Din, varlığın ve hakîkatin yegâne kaynağıdır; hayatın hem vasatı, hem de vasıtasıdır. Dinden yoksun bir hayat vasatı, bayatlamaya, ruhsuzlaşmaya mahkûmdur. Dinden yoksun bir hayat vasıtası, bütün dinamiklerini, hayatiyetini ve ruhunu yitirmeye mahkûmdur.
Protestanlaşma, dini, hem vasatı, hem de vasıtası olduğu hayattan uzaklaştırma, hayatın bir bölmesine gömme sürecidir. Dinin Protestanlaşması, kabaca dinin sekülerleştirilmesi, dünyevîleştirilmesi demektir. Dinin sekülerleştirilmesi, insanın varoluşuna ve varlığa kökten bir varoluşsal saldırıdır. Çünkü dinin dışında veya dinden bağımsız hiç bir kaynak, insana hayatta hayatiyet veremez. Dinin sekülerleştirilmesi, dünyevîleştirilmesi sürecinde, din, nesneleştirilir. Dinin dünyevîleştirilmesinin varacağı nokta, dünyevî olanın dinselleştirilmesi, kutsanmasıdır; tam bu noktada da dinin pornografik bir işlev görmesi kaçınılmazlaşır: Her tür dünyevî itki, dinsel olan katına yükseltilir. Dinsellik, fetişleştirme, dünyevî ve beşerî her şeyi fetiş hâline getirme biçimine dönüşür. Böylelikle, din hayattan uzaklaştırılır. Hayattan uzaklaştırılan, hayatın sadece bir bölmesine kapatılan din, zamanla yok olmaktan kurtulamaz.
Sosyal adalet duygusu ve Protestan ahlak algısı yan yana yaşayabilir, nefes alabilir mi? Müslümanlar, sosyal adalet duygularını yitirdiklerinde neyi yitirmiş olurlar?
Sosyal adalet duygusu ile Protestan ahlâk algısı yan yana yaşayamaz. Protestan ahlâk, ahlâkı "pragma"ya indirger. "Pragma" yani çıkar, yani hayattaki şeylerin kullanım tarihleri ne kadarsa o kadar anlamlıdır. Buradan ahlâk da, sosyal adalet duygusu ve pratiği de çıkmaz. Aksine, ahlâk ve sosyal adalet, tam da burada kayıplara karışır.
Protestan ahlâk algısı, pragma'ya, dinselleştirilmiş, süblime edilmiş bir yükleme yapar ve dini bütün yüklerinden, temellerinden arındırır; pragma'nın prangalarına ve insafına terk eder.
Protestan ahlâk algısıyla sadece sosyal adalet duygusunu yitirmekle kalmayız, kendimizi, kendi olma imkânlarımızı, varoluş, kendi olarak varoluş imkânlarımızı da yitiririz.

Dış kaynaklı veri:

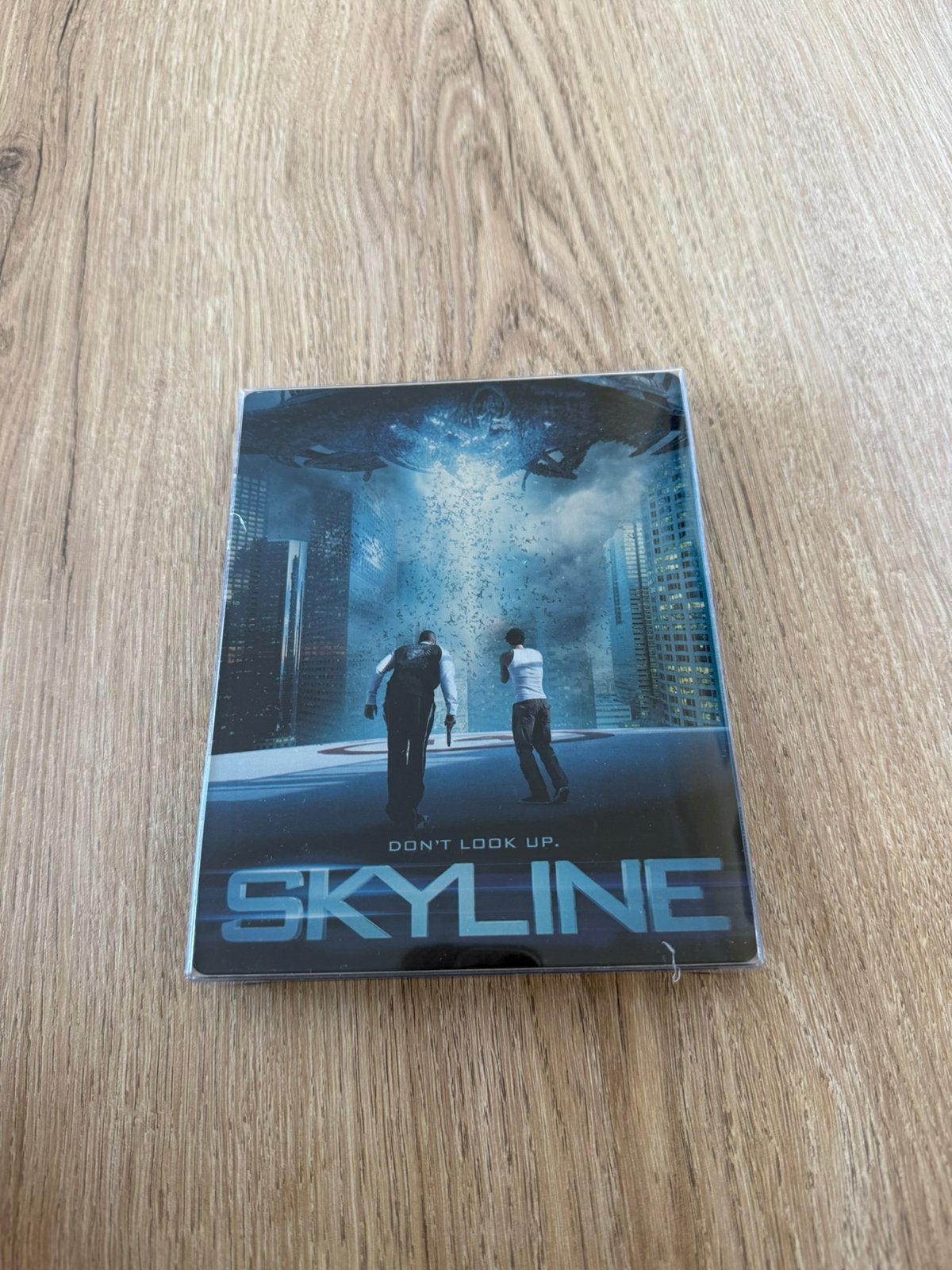 Skyline, Verzenden, Zo goed als nieuw, Actie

Kutlu Kitabımızın adalet tarifi muhteşemdir: "Her şeyi yerli yerine oturtmak." Bütün varlığı, varoluş sebebini bozmaksızın, nasıl ve niçin varolmuşsa öylece kabul etmek. Her şeyi, bütün farklılıkları, bütün farklı varlıkları, inançları, insanları, renkleri kendinde "şey" olarak kabul etmek. Kendimize göre "şey" olarak değil. Bizden istenen şey, eşyanın hakîkatine vâkıf olabilmektir. Bizim Protestan ahlâkıyla yaptığımız şeyse, sadece ve sadece eşyanın da, insanın da, tabiatın da, dinin de hakîkatini iptal ederek, kendi pragmamıza uygun hâle getirerek prangaya vurmaktan ibarettir.
Protestan ahlâkının kapitalizmi doğurması, o yüzden boşuna değildir. Protestanlaşma, dini bireysel alana, insanla Tanrı arasında olup biten bir inanç meselesine indirger. Protestanlaşma, sosyal ve ekonomik alanda ise, hayatı çalışmaya, dünyevî güç ve iktidar biriktirimine indirger. Çıkara yani. Çıkarsa, insanı insanlığından çıkarır. Kendi üstüne kapatır. Kendi çıkarlarına kul köle yapar; pragmanın prangaları insanı esir ve teslim alır.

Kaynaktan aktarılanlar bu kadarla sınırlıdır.